In the years leading up to Rayburn's ministry, adolescence had become a life stage experienced by all Westerners somewhere between the ages of 13 and 18. This stage of life came with a distinct culture originally created from the fact that teenagers spent most of their meaningful hours of the day no longer with the family working but with their peers learning.
In the halls of the high school, adolescence became a distinct culture in America, with its own clothing, music, food, and activities. Adults were excluded from this culture simply by being older than 18 and no longer in high school. Most parents feared this new distinct youth culture, worrying about its effects on their children. But it was not only the youth culture that pushed parents into fear but also larger cultural realities such as World War II, the Cold War, consumerism, and secularization. America was changing in the wake of modernization, and adolescents were now cut free from their parents to have their own experiences and opinions of these changes.

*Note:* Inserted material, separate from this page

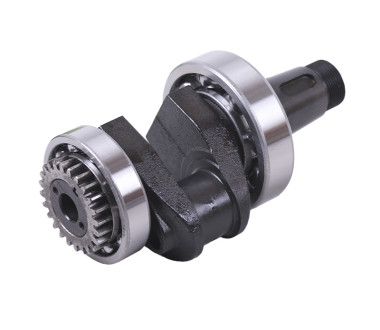 Колінвал у зборі (підшипники 6310/6210, шестерня) - 180N - TTG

It was during a seminary internship that Rayburn was pointed toward this strange new culture. His supervising pastor asserted, "I'm not particularly worried about the kids who are in. They're safe, and as far as they're concerned, I don't need your services. To you I entrust the crowd of teenagers who stay away from church. The center of your widespread parish will be the local high school."
After a few failed attempts at starting Bible clubs on the high school campus, Rayburn decided the only way to get kids to participate in his program was by inviting them personally. Approaching adolescents in the hallways, Rayburn would start up a conversation about music, sports, or fashion (the pillars of the distinct youth culture). As he did this, gradually a relationship would form. He knew their names and their likes and dislikes, among other things. After such conversations Rayburn would invite kids to come to his Club meeting, and to his surprise, they would. They not only came but brought their friends as well. Rayburn had put his finger on a brand-new pulse: The world of the American adolescent was constructed around self-chosen relationships, and if Rayburn could himself enter into relationships with adolescents, he could "earn or win the right" to influence them toward participation in his ministry or his faith. In a time when parents, teachers, and church leaders were afraid of the new influences their youth were exposed to on a daily basis, the idea of using relationships to influence adolescents toward positive things instead was a natural fit.
This idea of influence ran so deep in Rayburn and Young Life's early thought that it became an organizational technique to first seek out the most popular kids in a high school. The belief was that by winning their allegiance, adolescents with less popularity would be drawn like a magnet to the place and commitments of the most popular.